Dragging Down The Market: Why The Qualifying Offer Should Be Eliminated
The following is a guest contribution from Noah Goodman. Goodman is an associate at Ballard Spahr and he drafts memoranda on federal court decisions and federal agency rulings. He previously oversaw a political campaign for a former Philadelphia City Councilman and was a presenter at the 28th Cooperstown Symposium on Baseball and American Culture at the Baseball Hall of Fame in Cooperstown, New York. For more information on Noah please click here.
The “qualifying offer” restricts players’ employment opportunities while also hampering teams. Under the current collective bargaining agreement, teams have the right to extent a qualifying offer to a pending free agent at an established price within five days of the conclusion of the World Series.

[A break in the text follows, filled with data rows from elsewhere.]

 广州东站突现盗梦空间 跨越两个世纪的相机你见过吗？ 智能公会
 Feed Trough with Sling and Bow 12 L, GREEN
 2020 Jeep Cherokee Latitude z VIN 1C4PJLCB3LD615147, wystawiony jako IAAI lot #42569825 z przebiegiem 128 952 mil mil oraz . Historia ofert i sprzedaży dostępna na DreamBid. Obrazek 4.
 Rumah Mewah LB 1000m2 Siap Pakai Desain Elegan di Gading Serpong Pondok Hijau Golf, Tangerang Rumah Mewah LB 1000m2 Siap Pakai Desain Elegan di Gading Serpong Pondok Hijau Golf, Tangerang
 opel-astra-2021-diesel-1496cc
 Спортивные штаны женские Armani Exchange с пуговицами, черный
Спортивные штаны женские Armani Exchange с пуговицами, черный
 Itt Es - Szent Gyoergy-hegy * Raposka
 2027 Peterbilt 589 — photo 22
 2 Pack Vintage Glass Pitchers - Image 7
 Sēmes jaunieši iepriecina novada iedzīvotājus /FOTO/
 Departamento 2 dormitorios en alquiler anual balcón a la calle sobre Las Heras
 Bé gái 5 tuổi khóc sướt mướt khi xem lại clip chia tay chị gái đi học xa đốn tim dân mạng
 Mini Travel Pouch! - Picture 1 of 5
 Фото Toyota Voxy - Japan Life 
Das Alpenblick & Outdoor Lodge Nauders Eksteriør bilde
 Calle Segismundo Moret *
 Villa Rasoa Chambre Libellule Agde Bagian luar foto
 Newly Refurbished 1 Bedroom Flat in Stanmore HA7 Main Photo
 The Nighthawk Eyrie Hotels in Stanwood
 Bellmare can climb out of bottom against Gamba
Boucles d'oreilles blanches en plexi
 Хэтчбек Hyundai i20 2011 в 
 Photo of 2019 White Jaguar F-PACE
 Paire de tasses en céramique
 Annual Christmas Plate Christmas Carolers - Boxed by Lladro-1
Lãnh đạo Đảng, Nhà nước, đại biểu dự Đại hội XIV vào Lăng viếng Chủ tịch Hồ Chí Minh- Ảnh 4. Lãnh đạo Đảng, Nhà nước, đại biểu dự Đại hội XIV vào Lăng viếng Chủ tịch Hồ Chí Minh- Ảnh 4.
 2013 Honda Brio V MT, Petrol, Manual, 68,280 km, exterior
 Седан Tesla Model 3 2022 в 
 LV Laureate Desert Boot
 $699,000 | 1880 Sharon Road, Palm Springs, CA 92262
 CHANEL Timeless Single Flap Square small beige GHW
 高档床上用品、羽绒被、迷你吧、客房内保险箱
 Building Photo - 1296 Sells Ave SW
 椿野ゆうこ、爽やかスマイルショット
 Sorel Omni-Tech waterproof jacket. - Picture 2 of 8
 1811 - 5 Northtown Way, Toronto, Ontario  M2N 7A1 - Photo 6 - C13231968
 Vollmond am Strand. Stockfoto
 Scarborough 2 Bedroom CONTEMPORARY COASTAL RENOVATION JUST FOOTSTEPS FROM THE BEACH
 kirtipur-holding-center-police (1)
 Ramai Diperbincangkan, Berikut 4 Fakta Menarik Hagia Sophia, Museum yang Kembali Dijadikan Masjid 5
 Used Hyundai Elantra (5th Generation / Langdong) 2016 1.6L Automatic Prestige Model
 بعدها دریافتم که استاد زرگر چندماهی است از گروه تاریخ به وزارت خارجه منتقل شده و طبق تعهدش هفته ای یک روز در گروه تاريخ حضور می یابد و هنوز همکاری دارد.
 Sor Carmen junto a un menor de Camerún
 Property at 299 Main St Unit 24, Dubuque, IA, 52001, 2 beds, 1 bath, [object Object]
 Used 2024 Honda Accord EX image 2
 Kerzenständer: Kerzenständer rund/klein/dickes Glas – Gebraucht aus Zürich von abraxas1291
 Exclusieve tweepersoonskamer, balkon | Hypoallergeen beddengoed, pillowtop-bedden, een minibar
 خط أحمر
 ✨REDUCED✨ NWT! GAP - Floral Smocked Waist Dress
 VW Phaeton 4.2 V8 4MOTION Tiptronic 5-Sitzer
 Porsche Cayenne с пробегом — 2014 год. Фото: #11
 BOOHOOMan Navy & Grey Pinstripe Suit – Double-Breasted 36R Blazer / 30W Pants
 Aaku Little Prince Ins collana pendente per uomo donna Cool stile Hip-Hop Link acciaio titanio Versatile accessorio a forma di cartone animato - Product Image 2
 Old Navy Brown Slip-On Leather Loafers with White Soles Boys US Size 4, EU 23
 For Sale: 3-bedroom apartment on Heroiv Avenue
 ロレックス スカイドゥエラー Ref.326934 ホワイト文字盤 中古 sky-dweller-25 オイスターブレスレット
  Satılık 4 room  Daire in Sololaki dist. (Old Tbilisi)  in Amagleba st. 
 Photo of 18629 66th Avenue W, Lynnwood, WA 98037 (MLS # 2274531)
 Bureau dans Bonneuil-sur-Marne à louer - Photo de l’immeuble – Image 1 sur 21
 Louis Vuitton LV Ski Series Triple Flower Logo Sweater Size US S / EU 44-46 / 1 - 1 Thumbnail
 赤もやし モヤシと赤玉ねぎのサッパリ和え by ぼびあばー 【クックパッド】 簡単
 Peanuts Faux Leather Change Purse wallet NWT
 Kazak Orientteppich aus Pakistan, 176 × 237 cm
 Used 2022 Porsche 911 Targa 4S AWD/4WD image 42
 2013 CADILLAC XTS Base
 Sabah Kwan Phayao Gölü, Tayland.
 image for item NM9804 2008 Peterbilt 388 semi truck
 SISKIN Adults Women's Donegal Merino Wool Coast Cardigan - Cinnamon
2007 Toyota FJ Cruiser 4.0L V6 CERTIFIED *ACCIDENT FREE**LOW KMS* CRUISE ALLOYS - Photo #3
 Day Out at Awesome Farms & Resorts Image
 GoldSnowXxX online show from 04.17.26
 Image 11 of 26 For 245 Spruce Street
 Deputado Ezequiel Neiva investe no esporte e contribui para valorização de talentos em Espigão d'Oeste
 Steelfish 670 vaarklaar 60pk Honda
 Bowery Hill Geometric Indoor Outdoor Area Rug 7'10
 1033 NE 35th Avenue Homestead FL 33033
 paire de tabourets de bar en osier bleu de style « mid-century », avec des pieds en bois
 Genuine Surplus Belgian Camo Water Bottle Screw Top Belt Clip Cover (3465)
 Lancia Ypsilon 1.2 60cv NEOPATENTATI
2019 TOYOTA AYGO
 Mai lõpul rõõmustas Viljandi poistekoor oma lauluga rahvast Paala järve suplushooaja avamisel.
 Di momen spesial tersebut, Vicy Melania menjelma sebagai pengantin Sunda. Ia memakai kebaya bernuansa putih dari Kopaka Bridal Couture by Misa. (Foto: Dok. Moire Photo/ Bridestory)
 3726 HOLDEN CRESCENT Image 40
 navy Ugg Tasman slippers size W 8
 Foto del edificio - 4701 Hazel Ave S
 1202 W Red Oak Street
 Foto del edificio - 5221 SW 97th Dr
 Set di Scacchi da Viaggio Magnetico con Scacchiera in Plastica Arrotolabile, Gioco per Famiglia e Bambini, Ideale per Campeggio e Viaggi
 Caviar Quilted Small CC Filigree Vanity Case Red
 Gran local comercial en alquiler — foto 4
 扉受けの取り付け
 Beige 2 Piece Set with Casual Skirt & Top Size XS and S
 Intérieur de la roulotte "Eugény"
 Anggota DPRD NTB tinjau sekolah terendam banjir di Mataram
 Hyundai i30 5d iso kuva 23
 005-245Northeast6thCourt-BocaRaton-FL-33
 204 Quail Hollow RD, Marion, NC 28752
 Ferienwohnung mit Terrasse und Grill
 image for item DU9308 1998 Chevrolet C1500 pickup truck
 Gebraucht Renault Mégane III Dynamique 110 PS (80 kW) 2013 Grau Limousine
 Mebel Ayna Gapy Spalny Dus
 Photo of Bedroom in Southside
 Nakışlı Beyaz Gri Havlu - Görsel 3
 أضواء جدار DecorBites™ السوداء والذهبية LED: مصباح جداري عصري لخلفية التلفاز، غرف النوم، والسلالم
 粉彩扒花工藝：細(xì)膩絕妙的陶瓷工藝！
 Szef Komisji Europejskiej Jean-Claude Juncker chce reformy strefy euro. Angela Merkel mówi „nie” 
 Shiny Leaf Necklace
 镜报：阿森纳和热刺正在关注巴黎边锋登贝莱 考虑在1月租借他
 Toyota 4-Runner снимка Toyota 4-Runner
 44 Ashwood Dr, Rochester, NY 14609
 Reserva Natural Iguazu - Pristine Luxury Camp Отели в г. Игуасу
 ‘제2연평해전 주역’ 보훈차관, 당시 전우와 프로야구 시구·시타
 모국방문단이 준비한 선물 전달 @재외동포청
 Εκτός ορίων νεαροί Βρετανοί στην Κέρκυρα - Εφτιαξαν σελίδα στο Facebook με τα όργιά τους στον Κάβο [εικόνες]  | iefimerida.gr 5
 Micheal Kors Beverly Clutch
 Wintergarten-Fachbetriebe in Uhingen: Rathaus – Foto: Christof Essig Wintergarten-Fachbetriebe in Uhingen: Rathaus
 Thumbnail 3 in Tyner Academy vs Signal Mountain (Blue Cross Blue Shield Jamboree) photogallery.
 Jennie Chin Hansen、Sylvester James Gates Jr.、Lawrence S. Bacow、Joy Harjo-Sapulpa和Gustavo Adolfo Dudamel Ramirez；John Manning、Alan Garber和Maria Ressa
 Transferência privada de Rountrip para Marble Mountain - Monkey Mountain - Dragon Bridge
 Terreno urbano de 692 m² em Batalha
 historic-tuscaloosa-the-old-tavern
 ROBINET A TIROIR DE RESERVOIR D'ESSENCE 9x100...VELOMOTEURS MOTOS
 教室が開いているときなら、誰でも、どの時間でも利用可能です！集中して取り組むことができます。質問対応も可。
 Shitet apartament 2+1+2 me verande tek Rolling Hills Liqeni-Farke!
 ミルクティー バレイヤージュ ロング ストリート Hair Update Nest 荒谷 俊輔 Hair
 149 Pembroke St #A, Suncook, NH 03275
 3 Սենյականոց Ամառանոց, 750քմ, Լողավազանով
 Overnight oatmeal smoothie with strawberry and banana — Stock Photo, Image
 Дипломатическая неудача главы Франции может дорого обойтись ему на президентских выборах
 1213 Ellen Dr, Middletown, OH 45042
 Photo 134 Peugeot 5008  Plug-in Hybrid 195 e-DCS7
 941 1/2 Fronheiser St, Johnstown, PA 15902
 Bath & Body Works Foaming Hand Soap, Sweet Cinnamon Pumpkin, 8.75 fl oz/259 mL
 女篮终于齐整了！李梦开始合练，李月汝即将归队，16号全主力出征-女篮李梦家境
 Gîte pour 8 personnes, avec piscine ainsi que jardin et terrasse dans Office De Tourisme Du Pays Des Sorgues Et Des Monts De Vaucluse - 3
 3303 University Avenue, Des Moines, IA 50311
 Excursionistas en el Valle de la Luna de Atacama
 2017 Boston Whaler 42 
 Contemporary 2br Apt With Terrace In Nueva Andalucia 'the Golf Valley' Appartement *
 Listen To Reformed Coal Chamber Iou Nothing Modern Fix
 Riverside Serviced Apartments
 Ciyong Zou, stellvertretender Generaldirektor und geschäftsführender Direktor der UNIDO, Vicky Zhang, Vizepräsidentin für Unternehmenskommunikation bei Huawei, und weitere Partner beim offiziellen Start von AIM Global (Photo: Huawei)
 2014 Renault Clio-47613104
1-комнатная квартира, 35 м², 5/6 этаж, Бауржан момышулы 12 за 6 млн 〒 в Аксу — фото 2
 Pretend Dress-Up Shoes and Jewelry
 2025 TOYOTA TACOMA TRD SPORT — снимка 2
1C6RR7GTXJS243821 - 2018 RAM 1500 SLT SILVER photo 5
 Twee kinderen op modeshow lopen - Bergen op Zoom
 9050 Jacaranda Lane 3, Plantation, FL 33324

If the player accepts the qualifying over, he remains bound to his team on a one-year contract at an established rate, which is determined by averaging the top 125 player salaries from the previous year. However, by accepting his teams qualifying offer, the player foregoes guaranteed money that he would inevitable receive on the open market and delays unrestricted free agency.
If the player rejects his teams qualifying offer, he becomes an unrestricted free agent. However, the team that signs him “shall forfeit its highest available selection” in MLB’s amateur draft. Historically, players have overwhelming rejected qualifying offers even if the forfeiture of a draft pick decreases their value.
Under the qualifying offer system, teams face a conundrum: should they invest their resources by refraining from signing free agents and build their team through the draft, or should they spend money on the open market? This conundrum highlights the negative effects that the qualifying offer has on both players and teams.
Recent trends in free agency demonstrate that fewer teams will bid for a player’s service if he rejects a qualifying offer because they are unwilling to surrender a draft pick for a player they otherwise might have interest in. This is particularly true in a sport where age matters and free agents reach the open market too late in their careers. Teams are effectively choosing long-term stability of building through the draft instead of improving immediately by signing free agents. For the players, the choice of either signing a one-year contract or requiring a team to forfeit a draft pick has resulted in their value waning.
In the MLB’s next collective bargaining agreement, both the MLBPA and the owners would benefit from eliminate the qualifying offer. For teams, they would not be faced with the difficult choice of investing in free agency or building through the draft. For players, their value would increase because teams would not have to sacrifice a high-draft pick and they would not delay unrestricted free agency.